= Beginning of Section =

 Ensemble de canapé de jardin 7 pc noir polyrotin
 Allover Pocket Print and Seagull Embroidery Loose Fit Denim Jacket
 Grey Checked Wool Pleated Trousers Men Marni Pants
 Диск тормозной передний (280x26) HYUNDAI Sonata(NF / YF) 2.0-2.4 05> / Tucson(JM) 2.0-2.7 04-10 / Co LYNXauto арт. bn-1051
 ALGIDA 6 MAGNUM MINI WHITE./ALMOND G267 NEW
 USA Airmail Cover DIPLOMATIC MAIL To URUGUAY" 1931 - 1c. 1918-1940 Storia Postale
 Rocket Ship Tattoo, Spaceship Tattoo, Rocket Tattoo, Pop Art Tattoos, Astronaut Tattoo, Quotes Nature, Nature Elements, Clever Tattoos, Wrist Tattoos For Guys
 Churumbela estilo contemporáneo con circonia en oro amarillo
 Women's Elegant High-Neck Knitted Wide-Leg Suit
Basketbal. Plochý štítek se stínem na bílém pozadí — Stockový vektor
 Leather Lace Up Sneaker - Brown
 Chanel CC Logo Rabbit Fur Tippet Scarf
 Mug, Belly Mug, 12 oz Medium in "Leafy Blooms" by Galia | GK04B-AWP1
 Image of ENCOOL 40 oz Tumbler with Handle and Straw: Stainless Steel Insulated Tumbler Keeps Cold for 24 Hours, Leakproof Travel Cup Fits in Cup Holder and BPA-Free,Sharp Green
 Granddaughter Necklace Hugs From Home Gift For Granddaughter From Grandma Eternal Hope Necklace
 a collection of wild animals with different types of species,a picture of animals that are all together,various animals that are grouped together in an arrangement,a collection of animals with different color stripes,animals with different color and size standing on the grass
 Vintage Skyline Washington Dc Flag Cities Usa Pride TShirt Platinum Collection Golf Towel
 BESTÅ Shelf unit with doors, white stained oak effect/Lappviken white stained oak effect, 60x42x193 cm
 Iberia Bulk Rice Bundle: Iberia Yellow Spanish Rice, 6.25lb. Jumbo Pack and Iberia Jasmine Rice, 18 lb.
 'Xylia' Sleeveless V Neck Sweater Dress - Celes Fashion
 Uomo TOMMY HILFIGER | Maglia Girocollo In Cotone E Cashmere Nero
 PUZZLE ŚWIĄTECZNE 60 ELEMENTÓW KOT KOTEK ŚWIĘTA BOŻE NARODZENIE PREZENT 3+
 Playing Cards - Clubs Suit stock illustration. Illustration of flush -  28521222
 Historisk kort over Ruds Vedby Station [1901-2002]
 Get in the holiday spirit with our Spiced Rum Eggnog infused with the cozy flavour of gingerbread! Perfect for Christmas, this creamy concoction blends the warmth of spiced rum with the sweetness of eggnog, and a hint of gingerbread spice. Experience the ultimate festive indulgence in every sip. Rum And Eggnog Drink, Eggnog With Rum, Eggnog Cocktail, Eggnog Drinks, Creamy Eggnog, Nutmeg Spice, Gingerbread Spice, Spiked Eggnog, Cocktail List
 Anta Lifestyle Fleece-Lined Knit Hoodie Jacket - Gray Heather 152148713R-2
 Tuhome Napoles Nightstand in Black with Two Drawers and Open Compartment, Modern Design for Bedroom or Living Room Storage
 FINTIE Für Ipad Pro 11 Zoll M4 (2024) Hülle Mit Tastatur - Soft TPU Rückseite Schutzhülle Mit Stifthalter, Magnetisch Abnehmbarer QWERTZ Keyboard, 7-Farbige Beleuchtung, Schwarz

= End of Section =

** Exercise instructions **
Send back each record exactly as it stands.

** Answer section **
 Ensemble de canapé de jardin 7 pc noir polyrotin
 Allover Pocket Print and Seagull Embroidery Loose Fit Denim Jacket
 Grey Checked Wool Pleated Trousers Men Marni Pants
 Диск тормозной передний (280x26) HYUNDAI Sonata(NF / YF) 2.0-2.4 05> / Tucson(JM) 2.0-2.7 04-10 / Co LYNXauto арт. bn-1051
 ALGIDA 6 MAGNUM MINI WHITE./ALMOND G267 NEW
 USA Airmail Cover DIPLOMATIC MAIL To URUGUAY" 1931 - 1c. 1918-1940 Storia Postale
 Rocket Ship Tattoo, Spaceship Tattoo, Rocket Tattoo, Pop Art Tattoos, Astronaut Tattoo, Quotes Nature, Nature Elements, Clever Tattoos, Wrist Tattoos For Guys
 Churumbela estilo contemporáneo con circonia en oro amarillo
 Women's Elegant High-Neck Knitted Wide-Leg Suit
Basketbal. Plochý štítek se stínem na bílém pozadí — Stockový vektor
 Leather Lace Up Sneaker - Brown
 Chanel CC Logo Rabbit Fur Tippet Scarf
 Mug, Belly Mug, 12 oz Medium in "Leafy Blooms" by Galia | GK04B-AWP1
 Image of ENCOOL 40 oz Tumbler with Handle and Straw: Stainless Steel Insulated Tumbler Keeps Cold for 24 Hours, Leakproof Travel Cup Fits in Cup Holder and BPA-Free,Sharp Green
 Granddaughter Necklace Hugs From Home Gift For Granddaughter From Grandma Eternal Hope Necklace
 a collection of wild animals with different types of species,a picture of animals that are all together,various animals that are grouped together in an arrangement,a collection of animals with different color stripes,animals with different color and size standing on the grass
 Vintage Skyline Washington Dc Flag Cities Usa Pride TShirt Platinum Collection Golf Towel
 BESTÅ Shelf unit with doors, white stained oak effect/Lappviken white stained oak effect, 60x42x193 cm
 Iberia Bulk Rice Bundle: Iberia Yellow Spanish Rice, 6.25lb. Jumbo Pack and Iberia Jasmine Rice, 18 lb.
 'Xylia' Sleeveless V Neck Sweater Dress - Celes Fashion
 Uomo TOMMY HILFIGER | Maglia Girocollo In Cotone E Cashmere Nero
 PUZZLE ŚWIĄTECZNE 60 ELEMENTÓW KOT KOTEK ŚWIĘTA BOŻE NARODZENIE PREZENT 3+
 Playing Cards - Clubs Suit stock illustration. Illustration of flush -  28521222
 Historisk kort over Ruds Vedby Station [1901-2002]
 Get in the holiday spirit with our Spiced Rum Eggnog infused with the cozy flavour of gingerbread! Perfect for Christmas, this creamy concoction blends the warmth of spiced rum with the sweetness of eggnog, and a hint of gingerbread spice. Experience the ultimate festive indulgence in every sip. Rum And Eggnog Drink, Eggnog With Rum, Eggnog Cocktail, Eggnog Drinks, Creamy Eggnog, Nutmeg Spice, Gingerbread Spice, Spiked Eggnog, Cocktail List
 Anta Lifestyle Fleece-Lined Knit Hoodie Jacket - Gray Heather 152148713R-2
 Tuhome Napoles Nightstand in Black with Two Drawers and Open Compartment, Modern Design for Bedroom or Living Room Storage
 FINTIE Für Ipad Pro 11 Zoll M4 (2024) Hülle Mit Tastatur - Soft TPU Rückseite Schutzhülle Mit Stifthalter, Magnetisch Abnehmbarer QWERTZ Keyboard, 7-Farbige Beleuchtung, Schwarz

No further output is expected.